Hamilton Floyd of San Antonio swears that juggling sharpens his vision -- so much so that he doesn't wear glasses at age 81. His specialty requires a cowboy hat with an attachment that looks like half of a beanie propeller. He sways back and forth on a board balanced on a smooth log, spins a lariat, then attaches the rope to the half propeller and keeps it spinning around his body by moving his head in circles.

Signaling a bystander to toss him three balls to juggle, he breaks into a song about the Rio Grande. "That exercise is good for circulating blood to the brain," he said. "I do it two or three times a day."

A handful of jugglers, like Susan Kirby, 23, of Baltimore, are "into numbers," juggling more and more objects. Juggling five is considered the "black belt" of the art.

"People make fun of numbers jugglers, especially the Europeans," Kirby said. "They say it's such an American mentality, always trying to do more than somebody else.

"But there's a kind of bonding that goes on with people who are into numbers. No one else knows what that feeling is like, to have seven balls up over your head and keep them going. You hit cruising speed. Time kind of slows down. The same thing happens, I suppose, with runners after 10 miles or so."
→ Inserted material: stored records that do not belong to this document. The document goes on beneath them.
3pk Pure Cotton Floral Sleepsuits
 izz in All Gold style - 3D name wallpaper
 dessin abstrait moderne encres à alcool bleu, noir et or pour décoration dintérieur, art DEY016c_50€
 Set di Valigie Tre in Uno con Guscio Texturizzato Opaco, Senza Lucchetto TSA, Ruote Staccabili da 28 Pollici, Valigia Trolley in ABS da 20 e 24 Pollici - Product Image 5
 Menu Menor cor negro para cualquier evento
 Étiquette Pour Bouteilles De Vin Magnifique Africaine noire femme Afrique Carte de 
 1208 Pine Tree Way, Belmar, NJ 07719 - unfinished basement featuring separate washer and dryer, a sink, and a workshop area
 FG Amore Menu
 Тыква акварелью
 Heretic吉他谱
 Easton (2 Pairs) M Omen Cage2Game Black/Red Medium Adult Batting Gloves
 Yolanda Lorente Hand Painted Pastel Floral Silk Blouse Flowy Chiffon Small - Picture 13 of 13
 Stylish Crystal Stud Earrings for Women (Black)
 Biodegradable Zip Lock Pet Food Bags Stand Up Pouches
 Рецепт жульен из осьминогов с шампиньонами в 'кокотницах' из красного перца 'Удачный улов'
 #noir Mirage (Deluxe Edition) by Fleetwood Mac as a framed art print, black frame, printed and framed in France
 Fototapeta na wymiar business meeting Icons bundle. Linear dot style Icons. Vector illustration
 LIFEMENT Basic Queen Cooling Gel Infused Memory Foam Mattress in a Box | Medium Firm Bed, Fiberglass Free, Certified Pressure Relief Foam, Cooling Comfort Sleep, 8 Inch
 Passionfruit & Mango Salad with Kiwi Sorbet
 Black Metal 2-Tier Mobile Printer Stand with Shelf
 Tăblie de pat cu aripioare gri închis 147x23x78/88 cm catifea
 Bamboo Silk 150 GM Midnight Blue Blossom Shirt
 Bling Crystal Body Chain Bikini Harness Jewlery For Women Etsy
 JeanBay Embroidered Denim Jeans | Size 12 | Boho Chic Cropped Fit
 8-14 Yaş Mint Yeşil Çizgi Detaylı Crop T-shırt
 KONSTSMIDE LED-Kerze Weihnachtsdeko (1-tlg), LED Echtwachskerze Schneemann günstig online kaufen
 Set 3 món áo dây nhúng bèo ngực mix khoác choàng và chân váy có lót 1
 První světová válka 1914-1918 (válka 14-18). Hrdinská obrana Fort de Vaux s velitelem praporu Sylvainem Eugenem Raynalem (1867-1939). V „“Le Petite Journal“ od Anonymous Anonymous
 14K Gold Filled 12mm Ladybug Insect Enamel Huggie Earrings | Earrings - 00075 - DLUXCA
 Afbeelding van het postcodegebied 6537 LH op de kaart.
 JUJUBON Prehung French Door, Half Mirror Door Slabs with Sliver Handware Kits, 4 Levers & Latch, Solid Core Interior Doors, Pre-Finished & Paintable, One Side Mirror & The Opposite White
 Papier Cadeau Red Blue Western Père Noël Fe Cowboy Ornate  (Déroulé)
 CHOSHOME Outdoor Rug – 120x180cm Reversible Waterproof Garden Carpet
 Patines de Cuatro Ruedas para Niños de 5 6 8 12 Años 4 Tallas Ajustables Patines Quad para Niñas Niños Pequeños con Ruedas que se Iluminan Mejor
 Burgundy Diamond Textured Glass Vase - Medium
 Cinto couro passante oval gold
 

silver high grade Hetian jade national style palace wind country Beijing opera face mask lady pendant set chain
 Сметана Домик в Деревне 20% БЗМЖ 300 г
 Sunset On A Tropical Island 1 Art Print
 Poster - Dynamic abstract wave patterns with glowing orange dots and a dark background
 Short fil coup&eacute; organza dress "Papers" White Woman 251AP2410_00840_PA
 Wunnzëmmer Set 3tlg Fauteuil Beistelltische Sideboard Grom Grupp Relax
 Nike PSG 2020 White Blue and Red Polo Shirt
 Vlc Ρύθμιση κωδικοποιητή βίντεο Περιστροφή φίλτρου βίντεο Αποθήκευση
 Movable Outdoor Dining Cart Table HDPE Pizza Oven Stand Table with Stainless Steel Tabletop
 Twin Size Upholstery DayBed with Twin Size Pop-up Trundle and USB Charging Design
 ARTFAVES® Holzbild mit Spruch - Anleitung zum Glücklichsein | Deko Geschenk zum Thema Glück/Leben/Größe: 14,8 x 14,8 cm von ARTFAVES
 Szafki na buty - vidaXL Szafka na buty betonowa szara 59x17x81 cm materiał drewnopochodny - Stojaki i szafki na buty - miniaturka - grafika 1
Although Kirby does some street performing with a partner in Baltimore, she prefers to seek out a quiet corner or face a wall and create spectacular showers of balls. "I don't really care if people watch. I'm a purist. I'm just doing it mostly for myself."

After a couple of days here, it seems perfectly normal when someone pedals past on a unicycle, juggling rubber chickens, or lectures on the fine art of not setting your hair afire with torches. It still isn't clear why jugglers juggle, but the question doesn't matter anymore.